Nueva York, cincuenta años después

Regreso de un viaje a Nueva York, que ya había visitado hace cincuenta años. Si entonces llegué por mar, atracando en un muelle del río Hudson, ahora lo hice por vía aérea, un viaje menos atractivo, aguantando las rigurosas y casi insoportables medidas de seguridad de un país obsesionado, tiene razones para ello, por los atentados terroristas.
Desde fines del siglo XIX, más aún con la presencia de la sede de Naciones Unidas, Nueva York se convirtió en la ciudad más influyente del mundo, tanto en asuntos políticos y económicos como en los culturales. La Gran Manzana no nos deja indiferentes: sus calles llenas de vida, su activo comercio, sus teatros y estadios deportivos, sus parques y plazas, sus numerosos rascacielos, sus variados museos y monumentos conforman una ciudad irrepetible y atractiva.
Lo mejor de la ciudad, y del país en general, la memoria patrimonial de su corta historia plasmada  en los numerosos museos y recuerdos históricos repartidos por su geografía. Contrasta este recuerdo de su historia con la vergonzosa ignorancia, que calificaría de prepotente, que tienen de la historia de otros países, singularmente los europeos.       De gran interés es el Museo Naval y Aéreo del río Hudson.
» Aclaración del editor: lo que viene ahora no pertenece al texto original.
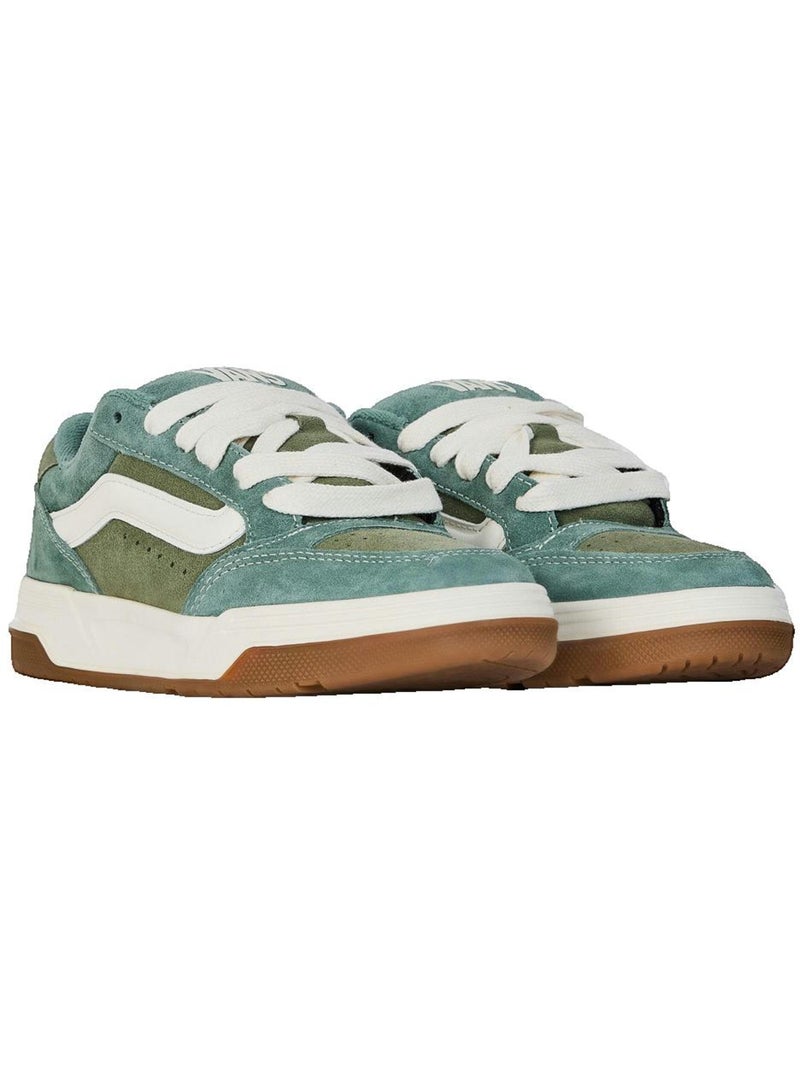 Sneakers Hylane cuir et suede Vans Vert - Kiabi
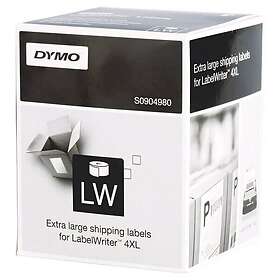 Dymo MediaRange MRDY99014, Hvit, Papir, Permanent, Rektangel, LabelWriter 450, 450 Duo, 450 Turbo, 450 Twin Turbo, 4XL, SE450, 5,4 cm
Un portaviones, el Intrepid, que participó en dos guerras mundiales; un veterano submarino, el Growler; y un icono de la aviación comercial, un avión Concorde, forman un singular conjunto. Un contraste con la desidia de Ferrol, incapaz de conservar como museo flotante alguna de las fragatas de la Armada destinada al desguace o hundida en las aguas del Atlántico como blanco artillero.
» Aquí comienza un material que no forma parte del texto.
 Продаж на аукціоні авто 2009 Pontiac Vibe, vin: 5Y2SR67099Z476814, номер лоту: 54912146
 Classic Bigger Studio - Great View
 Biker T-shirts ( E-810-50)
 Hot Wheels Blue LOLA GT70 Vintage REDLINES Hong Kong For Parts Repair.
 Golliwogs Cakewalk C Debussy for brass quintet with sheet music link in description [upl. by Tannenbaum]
Visité también Filadelfia y Washington, urbes de gran interés histórico. En la primera recorrí los numerosos museos de la ciudad, mientras que en la capital, además de la Casa Blanca, el Capitolio, el Pentágono y el barrio de Georgetown, visité el impresionante cementerio nacional de Arlington donde, entre millares de tumbas de militares norteamericanos muertos en todo el mundo, se alzan los monumentos al Soldado Desconocido, a la familia Kennedy o al acorazado Maine, hundido en La Habana el año 1898, hecho no aclarado y que le costó a España la pérdida de Cuba, Filipinas y Puerto Rico.
Durante mi estancia recordé a dos periodistas ferrolanos que a fines del siglo XIX dirigieron en Nueva York el mismo periódico con dos nombres diferentes. Primero fue Manuel Peña y Cagiao, director de “La Crónica de Nueva York” entre los años 1860 y 1864, relevado por José Ferrer de Couto, que dirigió el mismo periódico con el nombre de “El Cronista” hasta el año 1874. Durante catorce años ambas publicaciones defendieron los intereses de España contra el independentismo cubano, en un ambiente hostil como era el de la ciudad norteamericana.     
En uno de los traslados estuve ojeando una revista de una compañía aérea española, donde aparecía un reportaje sobre Ferrol contratado por entidades oficiales. No es mala idea hacer publicidad de la ciudad, aunque se dejaron fuera del reportaje temas de interés como la Semana Santa o el castillo de San Felipe, mientras se destacaban asuntos tan anodinos, por decirlo de una manera suave, como las Meninas.
Addenda. Desde la Ciudad que Nunca Duerme me enteré que se había celebrado en cierto edificio ilustrado de Ferrol, propiedad de la Armada, la restringida presentación de una publicación multimodal, con más pena (en las formas) que gloria (en el título), sobre un tema tratado por una pléyade de distinguidos historiadores desde Nicolás Fort y Montero Aróstegui. Por cierto, en el aniversario de la batalla de Brión nadie se acercó a recordar esa fecha  en el monumento del baluarte de San Juan.   
De vuelta a la Ciudad Ensimismada, como curioso observador a distancia de la actualidad ferrolana, pude contemplar el espectáculo de la ofrenda al marqués de Amboage, titular de la estatua más sucia de Galicia. La única plaza ferrolana digna tal nombre estaba tomada por el palco festivo de música y las terrazas de cuatro establecimientos hosteleros, en una abusiva y cada vez mayor privatización del espacio público. Además, como incívica muestra ciudadana de falta de respeto, la mayoría de los usuarios de las terrazas no se levantaron durante la interpretación del Himno Gallego.